A detail of the scale model of Madrid, built in 1830 by León Gil de Palacio and located now in the Museum of History of Madrid. On the left, the big building of the pósito.
The literature on this subject is boundless but, in general, is rather dated by now. The studies underline the charitable functions and the social and economic benefits of the public granaries in the early modern society. They saw in these granaries a tool of social and economic empowerment of the peasants and of the moralisation of the popular classes. Also, they defined them as a way to limit the typical subsistence crises of the ancien régime and to control de prices of the cereal since the granaries worked against the usury and limit the speculation on the grains market. In the second half of the 20th century, the attention on the Spanish granaries was essentially linked with its credit character. They became a precursor of the welfare state or a model of the micro credit for the rural society.
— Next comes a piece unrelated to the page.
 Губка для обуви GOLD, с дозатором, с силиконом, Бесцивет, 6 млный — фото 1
But we can also think about them as seeds banks before the concept even existed.
What about the effect on cereal variety?
We don’t have a lot of data about the varieties of cereals stored in that granaries, but, as pointed out by James C. Scott, the wheat was the product protected by the State and local administrations: it was destined and linked to certain political and social groups. The cereal production increased when there were institutional conditions that encouraged it. In the case of rice and maize, for example, the pósitos did not stimulate the spread of these cereals. Furthermore, viticulture, horticulture and olive growing did not fit into the logic of the public granaries. Some studies even show that they did not help the wheat production. Actually, not always the existence of pósitos coincide with the cereal production, such as in Murcia o Valencia (See the graphic below). For this reason, the legislation of the 20th century sought to convert the funds into money, and granaries into credit bank.
Showing the first hypothesis of this research at the Lisbon Economic History Seminars on November 26, 2019 (ICS – U.Lisboa).
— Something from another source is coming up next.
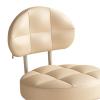 BAOTEDSL Low Rolling Seat with Backrest PU Leather Universal Swivel Caster Wheels Pedicure Stool Pulley Stool for Fitness Barber Shop Kitchen Salon(Khaki) view 4
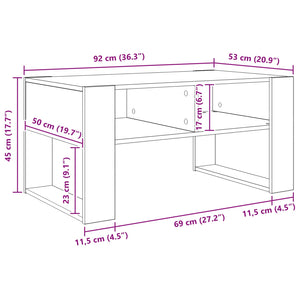 Τραπεζάκι σαλονιού με αποθήκευση Artisan Oak 92 x 53 x 45 εκ. - Pakobazaar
Our first hypothesis is that little pósitos did not afford the best condition to store grains that may guarantee a good harvest. In addition, according to the local and government reports, the institutions were corrupted and the local elite took advantage of their funds. Another hypothesis may be that the public granaries worked as a selector of the most productive variety. Since they expected some interest income, they must offer a good quality of the seeds to enable a productive harvest. Each local granary intervened in a larger space than municipal boundaries. They could buy the seeds from other regions, to sell later to the village’s users. It means that the public granaries increased the movements of the cereals in the Peninsula. Each year the variety of the wheat cultivated in one area could change, since it arrived from other regions or even from other countries. Finally, with a deeper interdisciplinary study, the ReSEED project may help to understand if the granaries contribute more to mix the seeds up or to uniform the crops.